Once a resource defines fields in the spec object, normally Kubernetes leaves it unchanged. My understanding is that Kubernetes uses this spec field to use as a reference point to be the “ideal state of the world”, using the status field to record the “current state of the resource”.

The only offending case I’ve seen in the wild is a Service, as it updates both the status field AND the spec.ClusterIP field. The end result is that a kubectl replace with a Service defining spec.ClusterIP = "" results in differing behaviour than the rest of the resource APIs.

From Helm’s point of view, a chart author’s only course of action is to

a) omit spec.clusterIP from the manifest and all subsequent updates, or b) if you happened to define spec.clusterIP = "" in your first install, find the value Kubernetes provided and inject it into your template so that the value Kubernetes provided is preseved.

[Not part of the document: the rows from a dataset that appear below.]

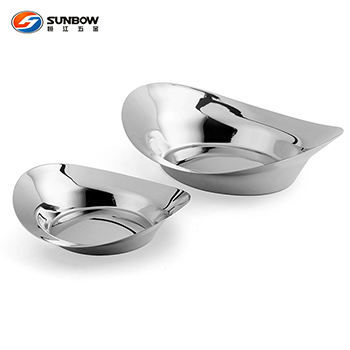 Custom Mirror Polished Stainless Steel Salad Bowl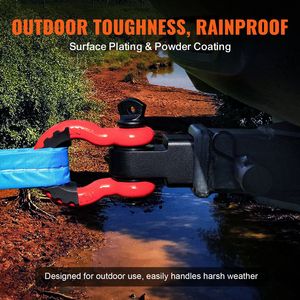 Anillo de sujeción de alta resistencia de 2 pulgadas para enganche de remolque, 66000 lb de fuerza de rotura, pasador de bloqueo para enganche de remolque compatible con receptores - Product Image 4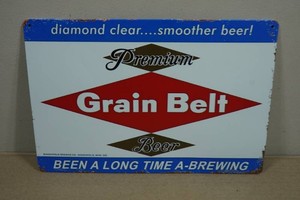 Vintage Style Metal Sign - Premium Grain Belt Beer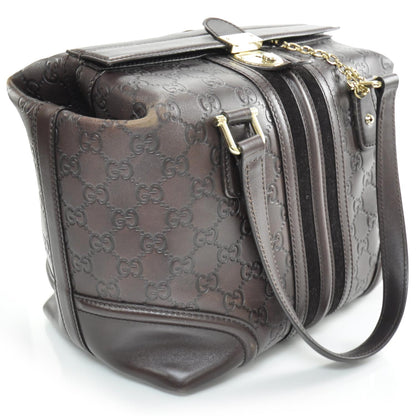 Gucci Guccissima Treasure Boston Dark Brown 3 of 9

Failing to do so results in a failed PUT (helm upgrade --force) request. I wrote this behaviour down in-depth in this Helm comment: https://github.com/helm/helm/issues/6378#issuecomment-557746499

I’d propose an alternative solution than @khenidak’s solutions: instead of updating spec.clusterIP after an IP has been assigned to the Service, use the status API, i.e. status.clusterIP. It would be a breaking change to the API, but it should bring Services back in line with the rest of the resource APIs, leaving spec.clusterIP as a user-defined field.

At this point I am willing to call it a bug, albeit an unpleasant one.

The change was released in the 1.22.0-beta.2, so yes it should be available in 1.22. See https://github.com/kubernetes/kubernetes/blob/master/CHANGELOG/CHANGELOG-1.22.md#api-change-2

I do not believe it was backported to 1.21.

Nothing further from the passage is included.